* _DATA IN THIS EXERCISE_
[Start of section]

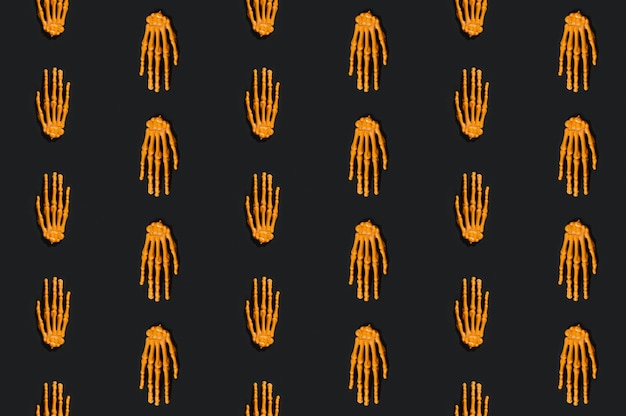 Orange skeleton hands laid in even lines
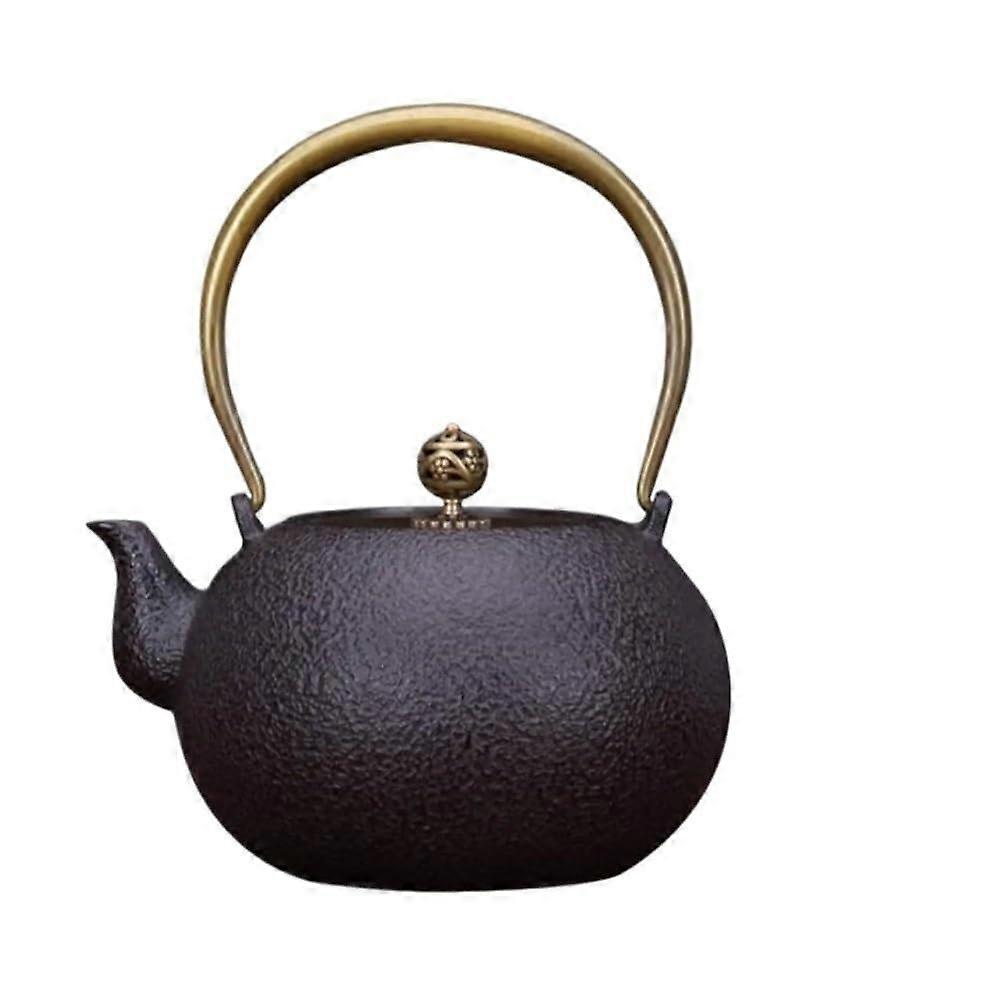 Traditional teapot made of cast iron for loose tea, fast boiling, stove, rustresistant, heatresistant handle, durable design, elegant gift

[End of section]
[Start of section]

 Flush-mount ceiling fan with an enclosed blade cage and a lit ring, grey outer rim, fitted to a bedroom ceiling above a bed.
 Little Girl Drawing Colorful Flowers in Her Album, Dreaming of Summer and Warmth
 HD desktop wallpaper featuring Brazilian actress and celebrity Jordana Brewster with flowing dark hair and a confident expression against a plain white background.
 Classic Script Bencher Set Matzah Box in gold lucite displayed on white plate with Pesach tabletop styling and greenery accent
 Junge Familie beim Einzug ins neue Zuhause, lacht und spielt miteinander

[End of section]

* _WHAT YOU SHOULD DO_
Your answer should consist solely of the lines above from the line with "HD desktop wallpaper" to the line with "Junge Familie beim", both included, reproduced exactly.

* _COMPLETED TASK_
 HD desktop wallpaper featuring Brazilian actress and celebrity Jordana Brewster with flowing dark hair and a confident expression against a plain white background.
 Classic Script Bencher Set Matzah Box in gold lucite displayed on white plate with Pesach tabletop styling and greenery accent
 Junge Familie beim Einzug ins neue Zuhause, lacht und spielt miteinander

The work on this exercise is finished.